Genesis 50:20 “But as for you, ye thought evil against me; but God meant it unto good, to bring to pass, as it is this day, to save much people alive.”
In Ta’anit 21a of the Talmud there is the story of a sage named Nachum. I could not tell from translating if his hands and feet were paralyzed or had been amputated. Needless to say he could not use his hands or his feet, so he could not work. He was covered with boils and was blind. Being bedridden his bed had to have trays or pans of water placed under them so the ants would not crawl over him since he had no use of his hands or arms to chase them away. When he was asked why such a righteous man like he should suffer so much, he would reply: “Gam zu letovah” (everything is for good). He became known in Jewish history as the Gam Zu Man. Although the Talmud is written in Aramaic the phrase is given in Hebrew. I was a little unsure if the Hebrew expression gam zu was one word (it is a kindness) or two words gam zu (everything is), it could mean it is a kindness for good, but traditionally it is rendered as, everything is for good or it is bringing me in harmony with God.
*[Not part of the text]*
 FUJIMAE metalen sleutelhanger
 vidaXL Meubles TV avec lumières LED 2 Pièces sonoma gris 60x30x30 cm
Still it is possible it could be rendered as, it is a kindness to bring me into harmony with God.
Hebrew, during this time was a language spoken only by scholars, the general Jewish population spoke Aramaic and hence one of Nachum’s disciples Rabbi Akiba spoke the Aramaic version of this declaration, Kol man d’avid Rachmana l’tav which means, all that the Merciful One does, He does for good or to bring man into harmony with Him. What God does is bound in Genesis 50:20, He chasav (weaves) all the tragic events in our lives.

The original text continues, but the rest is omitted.